D’abord, contextualiser : il était intéressant de situer précisément sa date de publication et de l’intégrer précisément dans la chronologie des événements. Ainsi ce dessin perdait son caractère emblématique ou universel pour dire quelque chose de précis à un moment précis : le procès d’Émile Zola, faisant suite au « J’accuse…! », générait en effet à Paris une agitation sans précédent. L’intervention du célèbre écrivain et son procès faisaient passer l’affaire Dreyfus dans une autre dimension et faisaient bouger les lignes. Dans le cadre du procès, il y a eu des rebondissements, et l’on suivait fébrilement la suite des débats : les militaires furent fragilisés, les arguments des dreyfusards commencèrent à porter davantage. Donc cette caricature est produite dans un moment d’agitation très particulier, et en la resituant ainsi, sa force expressive n’est pas amoindrie mais peut-être plus localisée, plus signifiante.
J’ai intégré ce double dessin dans mon dispositif, non en le redessinant comme j’ai pu le faire avec d’autres images, mais en le reproduisant comme un document : à ceci près qu’il ne semble plus mis en page dans le journal Le Figaro, mais mis en ligne sur un réseau social, comme un mème qui serait partagé de façon virale et susciterait des « likes » et des émoticônes… Ainsi, d’un côté l’inscription de la caricature comme un document contextualisé la remet à sa place historique, tandis que d’un autre côté le dispositif de mise en scène ramène cette même caricature à la résonnance contemporaine, et donc lui restitue, dans un mouvement conjoint et paradoxal, une force expressive toujours actuelle, et finalement son caractère universel.
Margot Renard : Les caricatures arrivent assez tard dans votre récit, quel rôle jouent-elles ?
JD : Je les ai reprises telles quelles le plus souvent, non seulement parce que Forain ou Caran d’Ache sont de grands dessinateurs, et que cela n’avait pas de sens de faire des copies de leurs dessins alors que leur noir et blanc pouvait facilement s’intégrer dans mon livre, mais aussi et surtout parce que ces caricatures sont présentées comme des documents, comme des images. A contrario, les dessins ou photos documentaires que j’ai copiés n’avaient pas vocation à apparaître comme des documents, mais au contraire à être dilués dans la matière même de la bande dessinée, fondus dans mon dessin en hachures.
Je n’avais pas particulièrement remarqué que les caricatures arrivaient si tardivement dans mon livre. Il y en a davantage en effet à partir du moment où l’affaire prend une dimension médiatique nouvelle, après le « J’Accuse…! » de Zola en somme. Zola qui sera la première victime des caricaturistes, du fait de sa grande célébrité. (Fig. 2).

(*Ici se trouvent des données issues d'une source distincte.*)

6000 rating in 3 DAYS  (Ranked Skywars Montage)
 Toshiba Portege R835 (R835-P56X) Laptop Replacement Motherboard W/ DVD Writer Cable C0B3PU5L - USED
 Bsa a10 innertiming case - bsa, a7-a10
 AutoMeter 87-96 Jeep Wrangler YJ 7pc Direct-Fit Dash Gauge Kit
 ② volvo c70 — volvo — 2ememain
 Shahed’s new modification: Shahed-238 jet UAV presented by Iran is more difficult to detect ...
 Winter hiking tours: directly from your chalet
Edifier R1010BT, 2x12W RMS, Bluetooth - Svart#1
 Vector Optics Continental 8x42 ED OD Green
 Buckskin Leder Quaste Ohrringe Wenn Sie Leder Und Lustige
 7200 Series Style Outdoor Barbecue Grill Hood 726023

J’ai essayé de ne pas exploiter uniquement des caricatures à charge contre Dreyfus ou contre Zola, mais il faut bien reconnaître que l’affaire Dreyfus fut un moment particulier de l’histoire de la caricature, pas nécessairement le plus glorieux. Forain ou Caran d’Ache, qui sont les deux dessinateurs de presse qui apparaissent le plus dans mon livre, étaient parmi les plus talentueux de leur temps, mais ils se sont illustrés d’une façon détestable, notamment en créant un journal satirique antidreyfusard et antisémite, intitulé Psst…!.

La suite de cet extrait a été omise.